Search This Blog


Teaching to my detriment

I’ve been involved with martial arts since 1985 and have always had a striking component to my training.  I started with hard styles of Uechi-Ryu and Shorin-Ryu Karate-Do, but found that I wasn’t training the way I was fighting.  I gravitated to the eclectic Goshin Jitsu which used a boxing and kickboxing framework for their striking which seemed more applicable.  I’ve trained for many years in Jeet Kune Do, which is more of a philosophy than a style as it evolves to what works rather than being a dogmatic method.  I subsequently became interested in Muay Thai and have trained that for over a decade.  The unfortunate side effect of training this long is that eventually you become the senior member of the class.  It is not because I am more skilled or more able that I coach, it is because I’ve been too dumb to quit.

Now that I’m doing muay thai private lessons my technique is under a microscope.  I have bad habits, mostly I assumed from injury and lay off.  In muay thai, the way that you throw kicks or knees is by extending on the base leg.  I don’t do that.  I see people doing it, but I don’t do it.  I teach the extension, but I don’t do it.  Sure I can blame deconditioned leg muscles or poor balance but honestly my legs are stronger now than they have been in years.  Training this week, we figured it out:  It’s a bad habit from teaching.

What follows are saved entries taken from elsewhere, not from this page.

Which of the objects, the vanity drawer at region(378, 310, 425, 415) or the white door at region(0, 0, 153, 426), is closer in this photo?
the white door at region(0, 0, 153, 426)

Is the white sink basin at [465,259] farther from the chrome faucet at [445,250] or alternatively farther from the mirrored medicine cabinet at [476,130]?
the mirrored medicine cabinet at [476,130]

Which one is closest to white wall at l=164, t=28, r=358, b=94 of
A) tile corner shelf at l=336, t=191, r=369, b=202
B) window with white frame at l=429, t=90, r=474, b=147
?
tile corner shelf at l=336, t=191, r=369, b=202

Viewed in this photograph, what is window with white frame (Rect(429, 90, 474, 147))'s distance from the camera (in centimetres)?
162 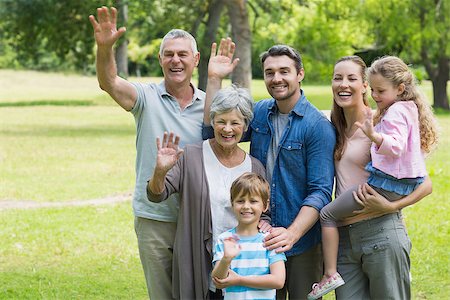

In order to show that I was using the point of the knee to strike and since on average people are smaller than me, I was pulling my knees and crouching so that I didn’t obliterate half my demo partner’s rib cage.  I look sort of like a toddler being toilet trained who is trying not to pee themselves.  The more you coach, the more you teach, the less you train.  So by demoing it to prove one point, I managed to teach myself wrong.  You can do the extension and rapidity of a knee well, and focus on that by “slapping” them with the distal anterior surface of the thigh rather than trying to drive the bony part of distal femur through their thorax.  Try.  You like.

The above point came up when we reviewed material from the Matee seminar a few weeks back.  We review catching the jab, cross, clearing the cross hand and pivot stepping while side clinching to deliver the knee. Alternatively you can slap their rear hand down and let them step into your rear horizontal elbow.

The other (cool) thing we worked on was saving yourself from a caught thai kick.  I threw the rear thai kick rapidly and relaxedly.  As soon as it hit, I rotate the knee outward and recovered.  Next when working with my coach, I threw the kick on Ian, who caught it.  The rotation freed my foot so that I could place it on his torso/hip and push kick away.  You’re not pulling your leg out, you’re freeing it to push your opponent away.